I came to crowdfunding in a rather peculiar way. I kept hearing people talking about it, and I am a serial and committed social entrepreneur. In fact, the other day a journalist said that I must be one of the few MPs who own a church, a poet’s house and a pub, all through trusts, foundations or charities that I chair.

As I say, I am a social entrepreneur and social entrepreneurs always want money. I do not mind asking rich people, big corporations, trusts and foundations for money, but sometimes—especially since 2008—it has been harder raising money from those sources than it was before.

Increasingly, I heard about social impact investment and crowdfunding, so I decided that I needed some more information. I got in touch with the House of Commons Library, but the staff there said they had never heard of crowdfunding; it was the first time that the staff of the Library of this great House has ever said that it could not help me. I then tweeted about crowdfunding, and all sorts of interesting people pitched up in the House of Commons and started to educate me about it. We formed the Westminster crowdfunding forum, we have an all-party group on crowdfunding and non-banking finance, and suddenly we have what I think is the first debate on crowdfunding in Parliament; I am grateful that we have it.

What is so exciting about crowdfunding is that it gives power to the crowd—to ordinary people—to say that there is a problem in their community and that they can form a small group to head something up. They can form a community enterprise and they can fund it through the crowd on the internet, on a platform; there are now many platforms out there that enable crowdfunding. Some of them specialise in education, others in financing films and theatre, and others in community enterprises. However, that is only one side of crowdfunding.

For me, crowdfunding is one of the most vibrant, exciting and important industries to appear in the past decade. The possibilities of crowdfunding are endless, first because all of us know that most people who are entering employment in this country today will work for small and medium-sized enterprises. If we can have more and more SME start-ups and they can grow successfully, the country will be so much wealthier and so much more successful.

The fact is that start-ups have the most difficulty in getting money from the conventional banks. Very often, the banks have failed them, because start-ups have no track record and no history; consequently, banks are very cautious about lending money to them.

Crowdfunding enables and empowers people who want to start a business to do it in their own way, and to raise the money to do so. It often starts with friends and family, and then a wider range of people become excited about the enterprise and put a little bit of money in to help it start. The history of the last few years has been that many more businesses have started up successfully using crowdfunding and the new social media to reach out to a broader audience and involve them in a very interesting way.

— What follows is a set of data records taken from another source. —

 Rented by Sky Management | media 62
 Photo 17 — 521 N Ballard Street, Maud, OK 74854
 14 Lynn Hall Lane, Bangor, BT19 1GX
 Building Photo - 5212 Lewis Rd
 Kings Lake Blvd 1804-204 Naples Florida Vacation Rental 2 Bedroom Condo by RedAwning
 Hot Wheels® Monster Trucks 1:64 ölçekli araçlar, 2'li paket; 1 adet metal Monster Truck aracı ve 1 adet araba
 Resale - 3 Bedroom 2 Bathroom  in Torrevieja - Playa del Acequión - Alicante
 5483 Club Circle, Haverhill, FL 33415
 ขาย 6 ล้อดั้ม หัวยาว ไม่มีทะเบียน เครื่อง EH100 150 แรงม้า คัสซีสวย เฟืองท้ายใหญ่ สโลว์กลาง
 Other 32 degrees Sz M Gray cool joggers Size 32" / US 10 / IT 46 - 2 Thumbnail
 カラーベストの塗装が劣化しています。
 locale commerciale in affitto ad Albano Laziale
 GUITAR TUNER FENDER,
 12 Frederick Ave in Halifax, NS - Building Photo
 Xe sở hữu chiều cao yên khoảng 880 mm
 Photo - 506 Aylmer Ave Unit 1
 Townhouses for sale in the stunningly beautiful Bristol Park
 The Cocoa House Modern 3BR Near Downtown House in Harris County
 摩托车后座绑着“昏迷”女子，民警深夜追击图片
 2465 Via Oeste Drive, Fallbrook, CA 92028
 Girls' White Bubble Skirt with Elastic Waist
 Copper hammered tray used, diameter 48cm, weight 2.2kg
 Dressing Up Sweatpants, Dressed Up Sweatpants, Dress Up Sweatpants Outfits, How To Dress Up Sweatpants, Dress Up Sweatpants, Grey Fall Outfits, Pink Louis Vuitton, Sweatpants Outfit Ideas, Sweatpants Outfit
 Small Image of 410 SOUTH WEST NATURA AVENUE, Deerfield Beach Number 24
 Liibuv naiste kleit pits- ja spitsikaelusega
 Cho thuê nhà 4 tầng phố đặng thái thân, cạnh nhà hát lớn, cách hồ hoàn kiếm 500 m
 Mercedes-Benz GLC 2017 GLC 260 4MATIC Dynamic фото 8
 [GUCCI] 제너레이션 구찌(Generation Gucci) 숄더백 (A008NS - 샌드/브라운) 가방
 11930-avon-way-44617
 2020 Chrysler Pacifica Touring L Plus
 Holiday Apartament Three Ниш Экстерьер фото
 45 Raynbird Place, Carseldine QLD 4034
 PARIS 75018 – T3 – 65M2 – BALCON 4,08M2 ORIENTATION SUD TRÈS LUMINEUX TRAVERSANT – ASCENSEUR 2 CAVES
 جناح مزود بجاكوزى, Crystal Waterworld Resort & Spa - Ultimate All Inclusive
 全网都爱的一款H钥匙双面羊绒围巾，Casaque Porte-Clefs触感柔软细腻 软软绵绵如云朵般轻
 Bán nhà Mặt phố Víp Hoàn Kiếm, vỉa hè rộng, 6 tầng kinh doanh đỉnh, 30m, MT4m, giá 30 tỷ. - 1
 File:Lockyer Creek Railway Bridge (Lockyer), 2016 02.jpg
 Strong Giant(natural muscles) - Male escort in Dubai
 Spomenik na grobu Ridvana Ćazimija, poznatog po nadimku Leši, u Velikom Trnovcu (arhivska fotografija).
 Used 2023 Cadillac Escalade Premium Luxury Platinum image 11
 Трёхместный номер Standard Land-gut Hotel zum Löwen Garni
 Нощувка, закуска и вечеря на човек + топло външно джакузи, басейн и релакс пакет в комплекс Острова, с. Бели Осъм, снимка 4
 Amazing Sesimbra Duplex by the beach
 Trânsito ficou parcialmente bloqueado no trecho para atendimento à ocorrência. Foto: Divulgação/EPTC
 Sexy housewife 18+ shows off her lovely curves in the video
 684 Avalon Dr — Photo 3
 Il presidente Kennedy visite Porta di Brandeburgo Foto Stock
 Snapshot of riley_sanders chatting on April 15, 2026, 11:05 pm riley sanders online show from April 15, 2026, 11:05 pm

Crowdfunding is the practice of funding a project or venture by raising many small amounts of money from a large number of people, typically via the internet. However, people become confused about what is crowdfunding and what is not. I will talk briefly about four kinds of crowdfunding.

First, there is equity crowdfunding. It is very simple indeed. Someone wants to start a business and they give a share in their business to someone else. It may be worth a fiver, or fifty quid, but it is usually only a small amount—an amount that I am sure you, Mr Chope, and I could afford to put into an enterprise that we believed in and that might make us money in the longer term. It is also possible for someone to invest in the little corner shop that they do not have in their village or community, or in a failing pub that the community wants to take over. There are lots of enterprises that crowdfunding can help.

However, there is the very interesting issue of starting businesses—private sector businesses. There is nothing wrong with starting businesses. As chairman of both the all-party group on manufacturing and the all-party group on management, I am a passionate supporter of well-managed enterprises and start-ups.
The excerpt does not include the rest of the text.